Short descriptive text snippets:
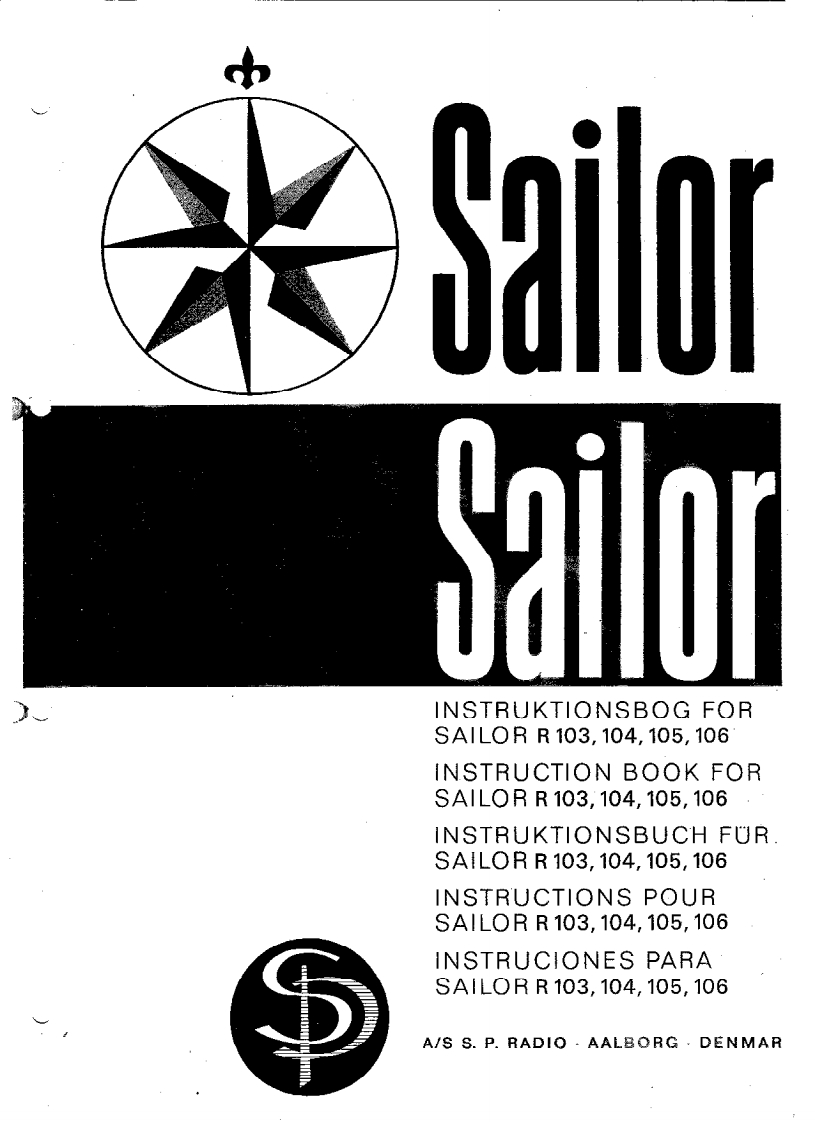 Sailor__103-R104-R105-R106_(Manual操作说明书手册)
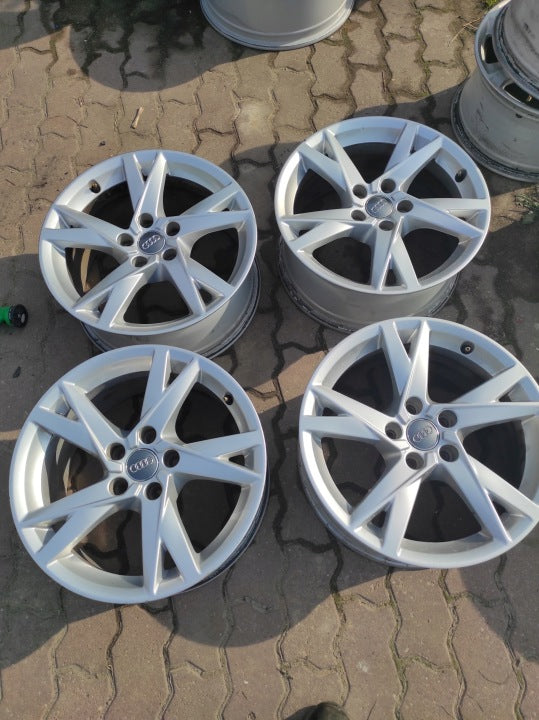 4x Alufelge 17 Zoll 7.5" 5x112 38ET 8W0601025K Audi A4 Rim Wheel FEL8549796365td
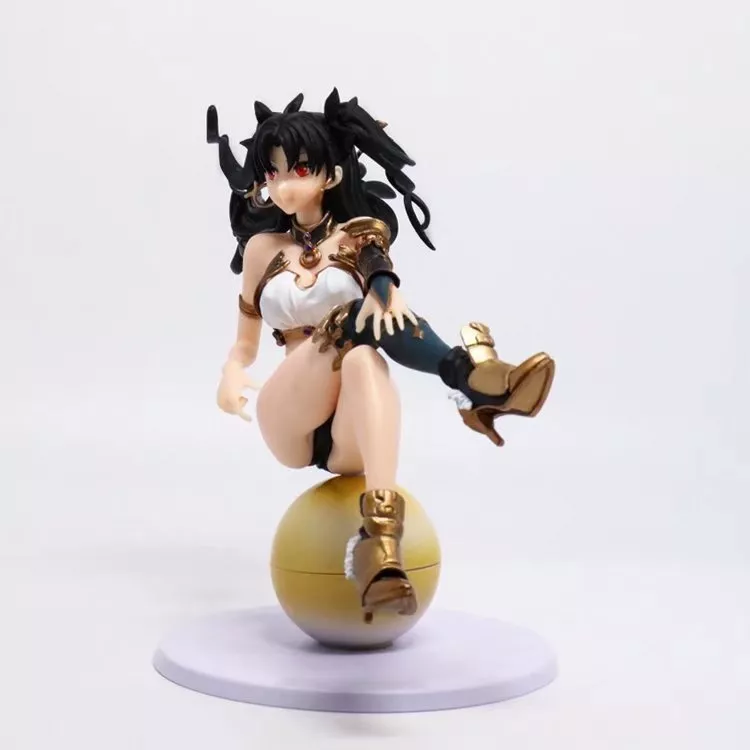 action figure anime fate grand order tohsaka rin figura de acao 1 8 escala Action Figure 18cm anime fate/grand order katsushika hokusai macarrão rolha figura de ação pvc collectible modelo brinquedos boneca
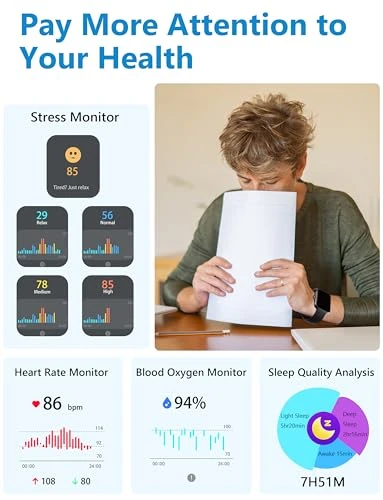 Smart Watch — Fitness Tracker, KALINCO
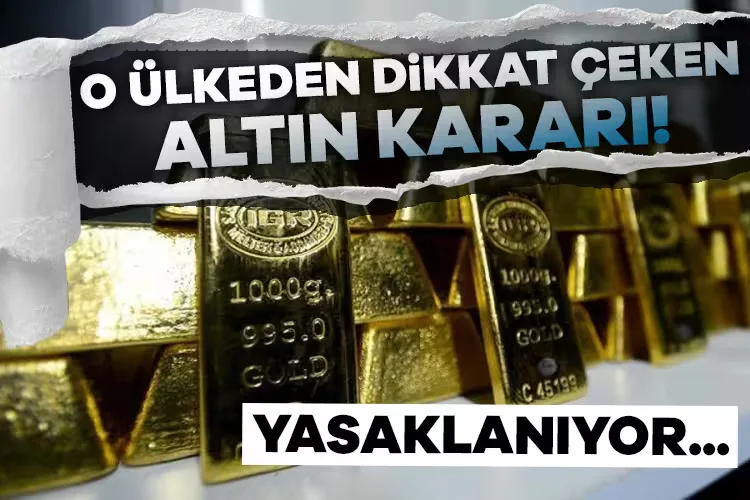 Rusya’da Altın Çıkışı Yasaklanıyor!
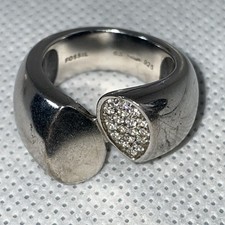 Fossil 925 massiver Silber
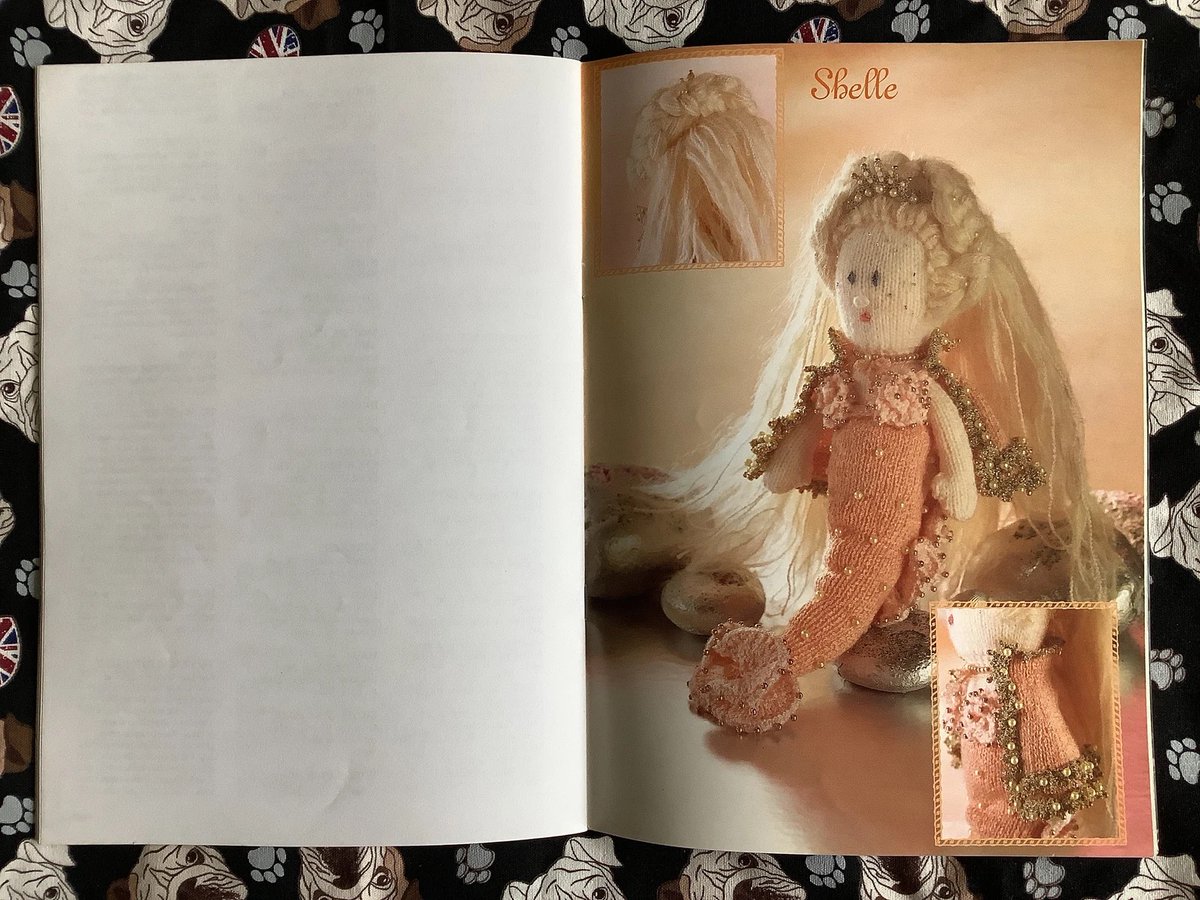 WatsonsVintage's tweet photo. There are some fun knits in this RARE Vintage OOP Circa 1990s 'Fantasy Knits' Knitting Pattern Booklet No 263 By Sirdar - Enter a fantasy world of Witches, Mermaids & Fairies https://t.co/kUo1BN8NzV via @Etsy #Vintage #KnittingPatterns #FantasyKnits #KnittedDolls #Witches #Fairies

Aim of the task:
Would you set down the records exactly, with no pictures included?

Task answer:
 Sailor__103-R104-R105-R106_(Manual操作说明书手册)
 4x Alufelge 17 Zoll 7.5" 5x112 38ET 8W0601025K Audi A4 Rim Wheel FEL8549796365td
 action figure anime fate grand order tohsaka rin figura de acao 1 8 escala Action Figure 18cm anime fate/grand order katsushika hokusai macarrão rolha figura de ação pvc collectible modelo brinquedos boneca
 Smart Watch — Fitness Tracker, KALINCO
 Rusya’da Altın Çıkışı Yasaklanıyor!
 Fossil 925 massiver Silber
 WatsonsVintage's tweet photo. There are some fun knits in this RARE Vintage OOP Circa 1990s 'Fantasy Knits' Knitting Pattern Booklet No 263 By Sirdar - Enter a fantasy world of Witches, Mermaids & Fairies https://t.co/kUo1BN8NzV via @Etsy #Vintage #KnittingPatterns #FantasyKnits #KnittedDolls #Witches #Fairies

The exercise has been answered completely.